> Task directions
Print only the lines below from the one with "Tecumseh, OK Office - 111 N Broadway St" to the one with "Empréstimo para Comprar", both included, exactly as they stand. Leave pictures out.

> Source records
━━━━━━━━━━━━━━━━
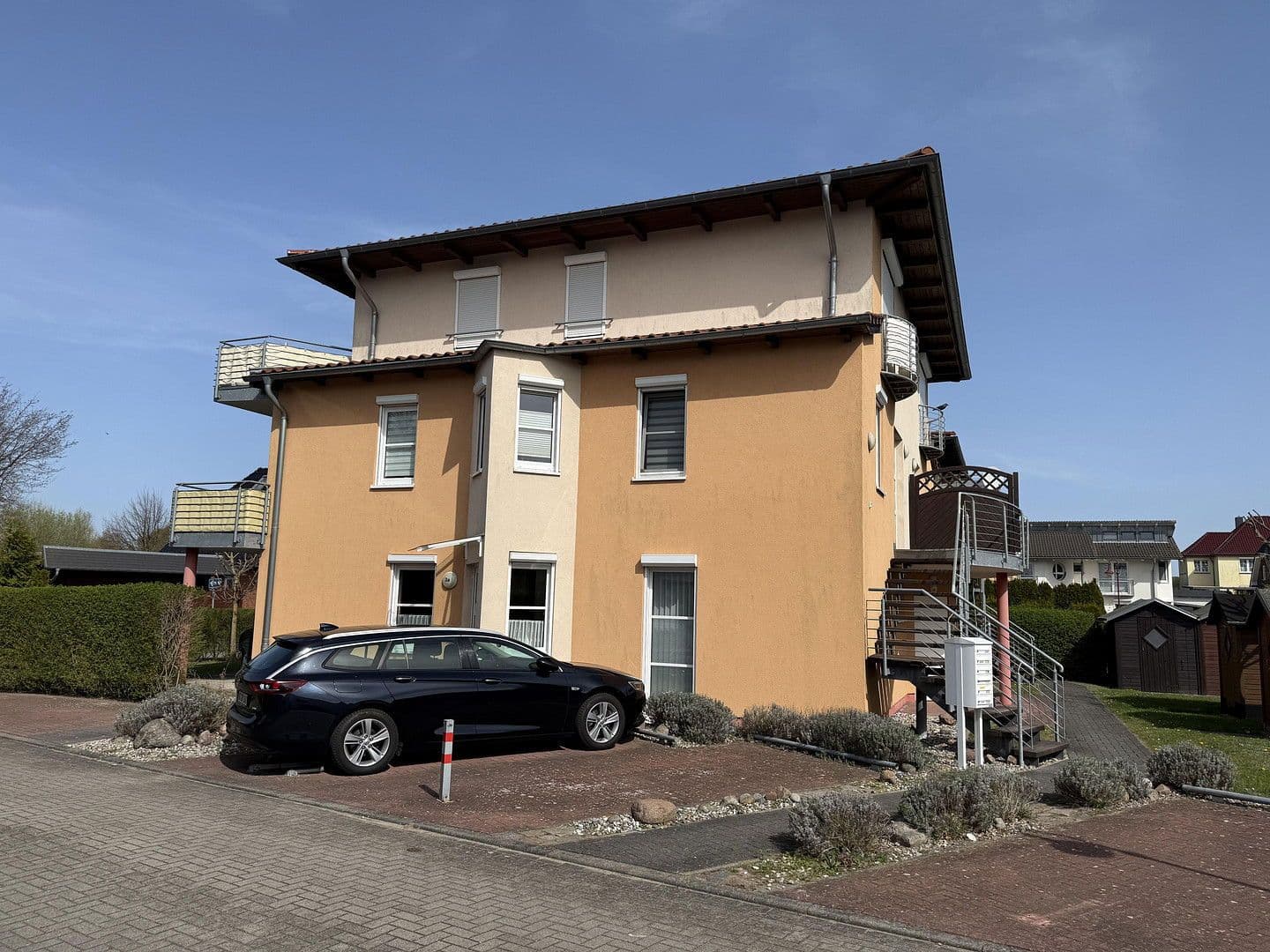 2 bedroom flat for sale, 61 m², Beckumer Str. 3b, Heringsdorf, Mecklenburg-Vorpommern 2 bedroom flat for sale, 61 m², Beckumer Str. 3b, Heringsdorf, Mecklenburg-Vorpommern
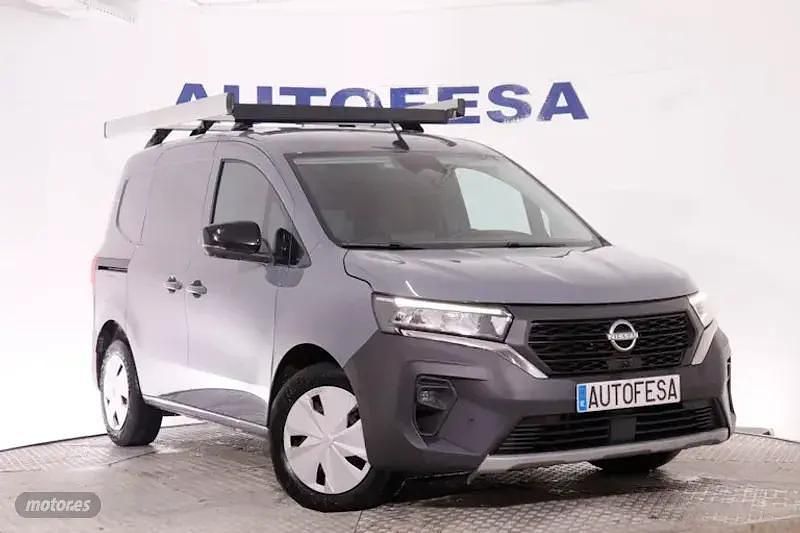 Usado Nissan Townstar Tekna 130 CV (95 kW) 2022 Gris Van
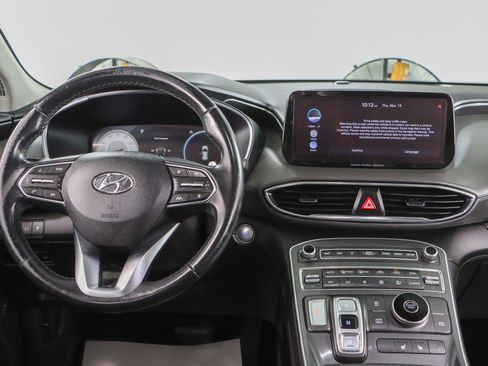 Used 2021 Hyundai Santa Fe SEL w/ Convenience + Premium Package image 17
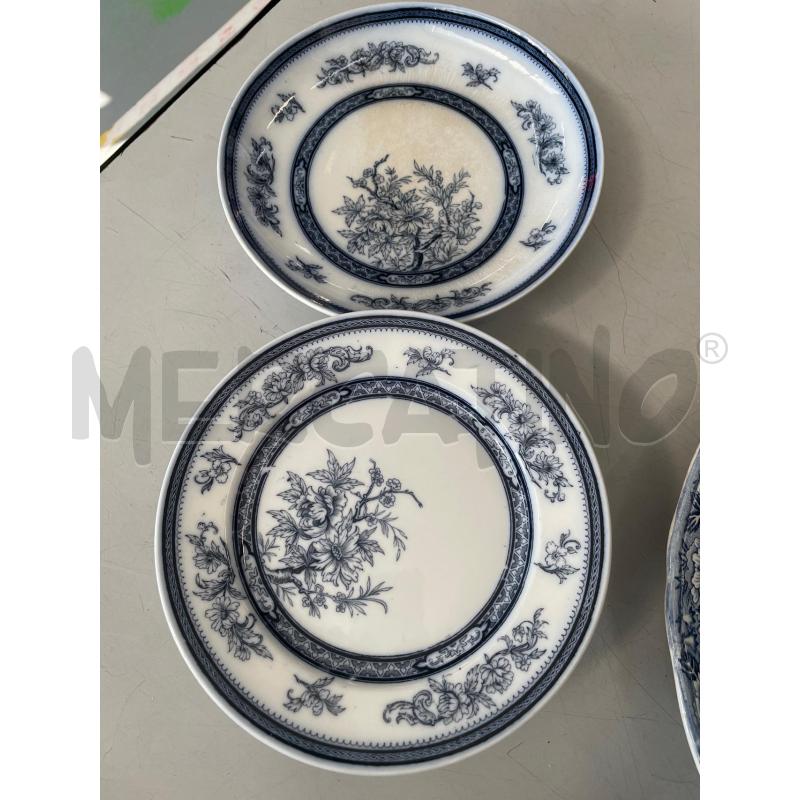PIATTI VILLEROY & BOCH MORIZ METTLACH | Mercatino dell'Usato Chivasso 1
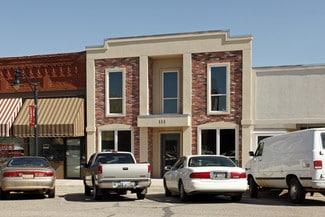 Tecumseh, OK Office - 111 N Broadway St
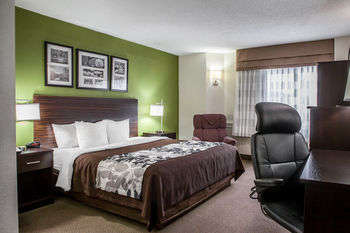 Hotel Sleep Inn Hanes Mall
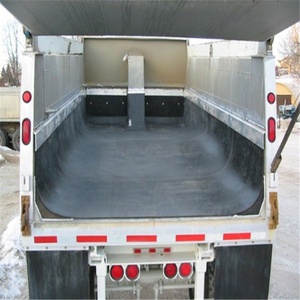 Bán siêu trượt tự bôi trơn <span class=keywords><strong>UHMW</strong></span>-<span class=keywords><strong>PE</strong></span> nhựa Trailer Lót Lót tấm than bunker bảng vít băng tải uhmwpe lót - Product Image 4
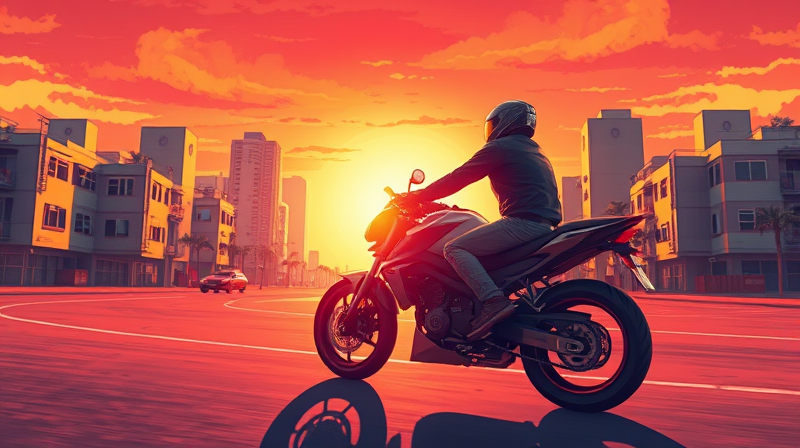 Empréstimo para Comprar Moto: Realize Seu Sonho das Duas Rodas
━━━━━━━━━━━━━━━━
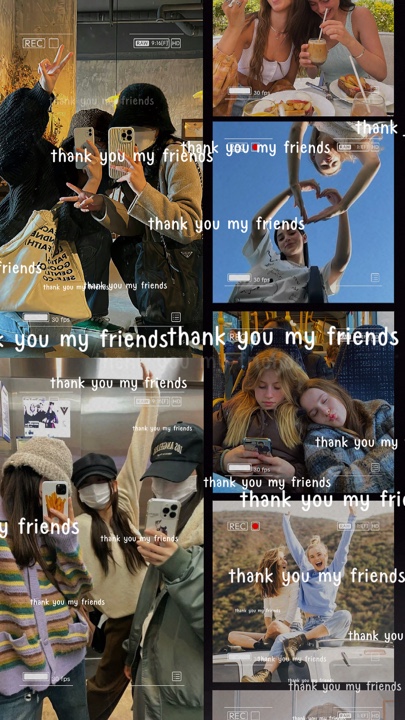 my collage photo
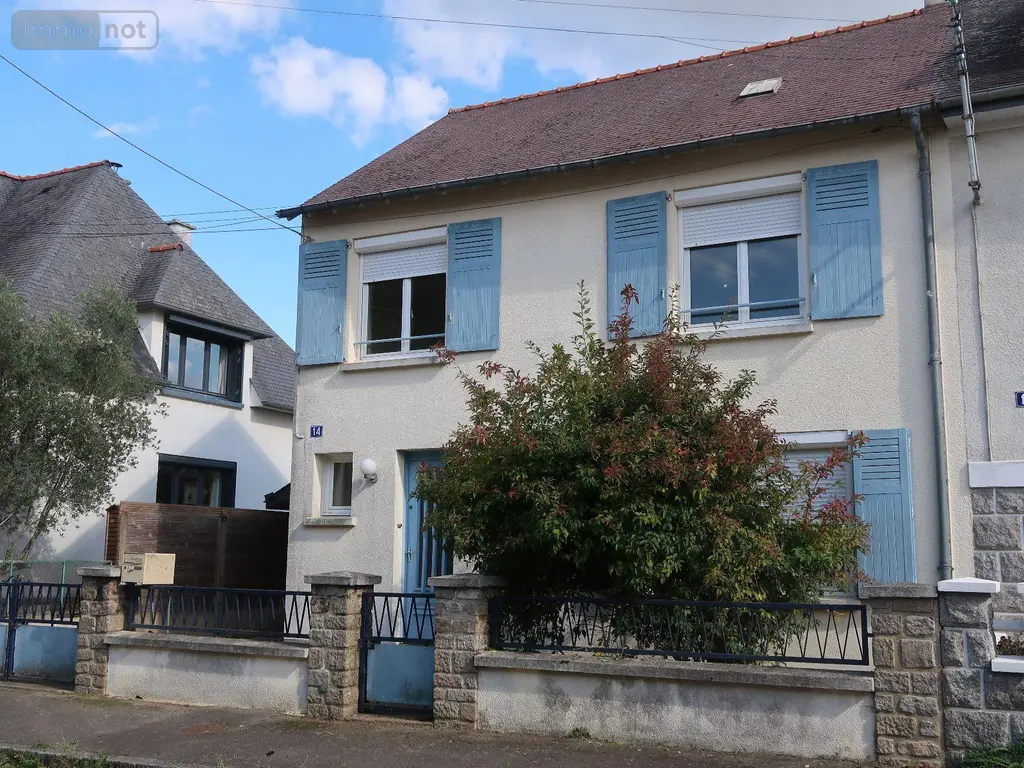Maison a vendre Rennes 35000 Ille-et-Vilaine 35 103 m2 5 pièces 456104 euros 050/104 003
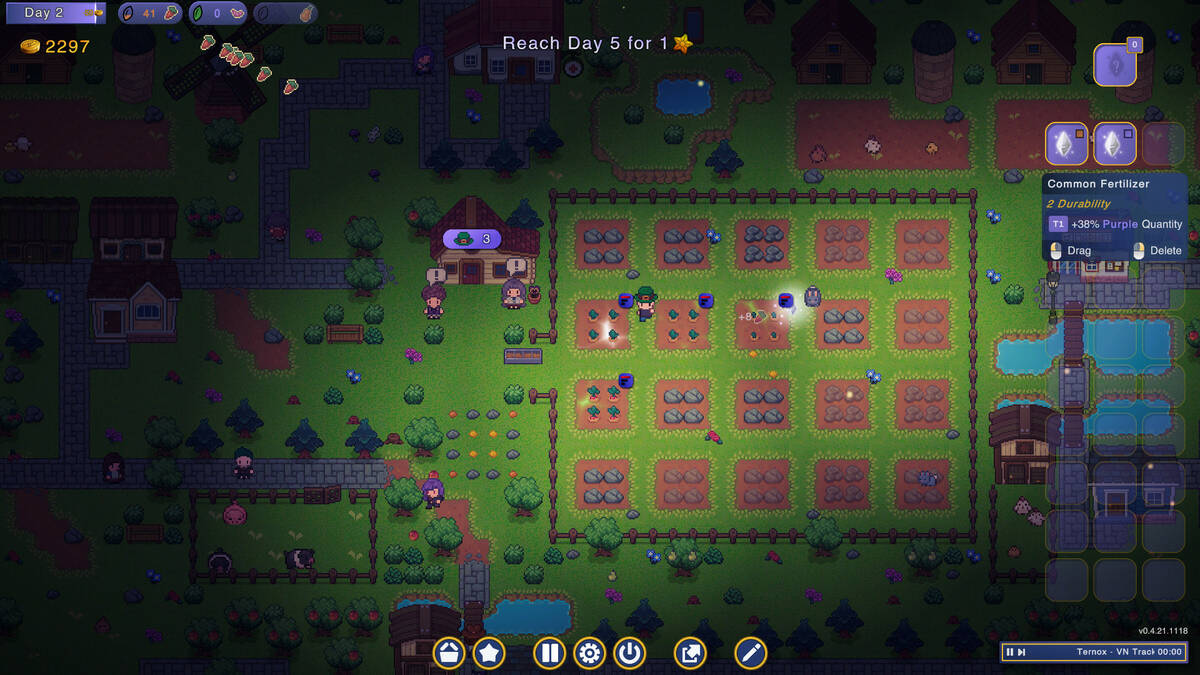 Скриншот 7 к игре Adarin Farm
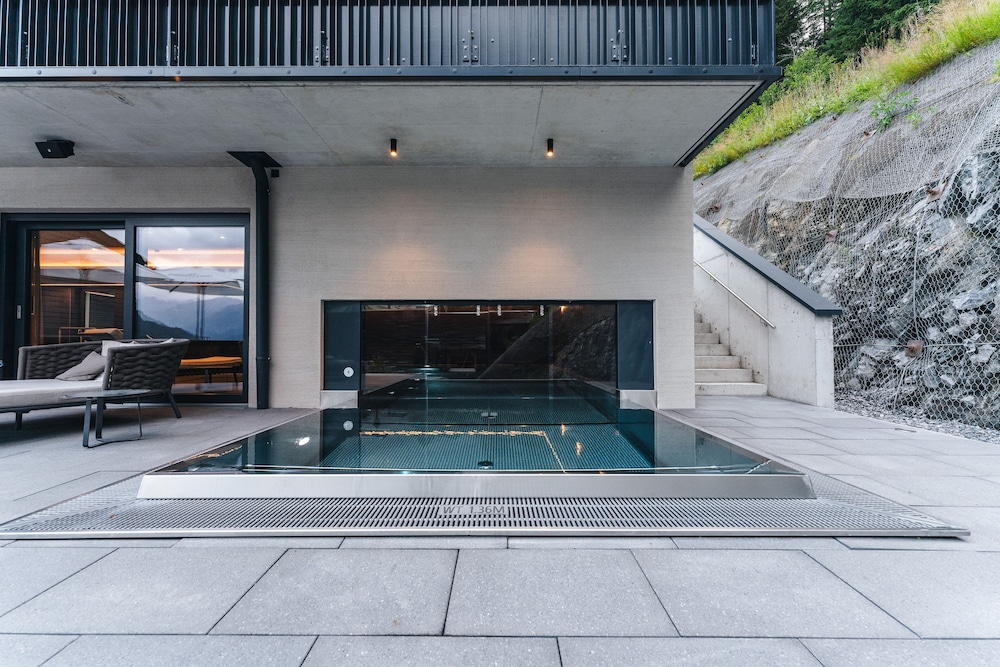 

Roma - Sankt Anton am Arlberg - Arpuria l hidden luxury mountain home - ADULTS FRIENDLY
━━━━━━━━━━━━━━━━
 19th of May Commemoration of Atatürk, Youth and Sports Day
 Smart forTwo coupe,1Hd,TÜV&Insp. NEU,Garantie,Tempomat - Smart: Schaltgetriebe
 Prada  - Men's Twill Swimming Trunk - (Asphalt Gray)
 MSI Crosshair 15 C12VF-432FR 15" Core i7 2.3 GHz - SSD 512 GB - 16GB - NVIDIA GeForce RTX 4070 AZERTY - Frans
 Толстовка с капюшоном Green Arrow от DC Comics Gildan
━━━━━━━━━━━━━━━━
> Task result
 Tecumseh, OK Office - 111 N Broadway St
 Hotel Sleep Inn Hanes Mall
 Bán siêu trượt tự bôi trơn <span class=keywords><strong>UHMW</strong></span>-<span class=keywords><strong>PE</strong></span> nhựa Trailer Lót Lót tấm than bunker bảng vít băng tải uhmwpe lót - Product Image 4
 Empréstimo para Comprar Moto: Realize Seu Sonho das Duas Rodas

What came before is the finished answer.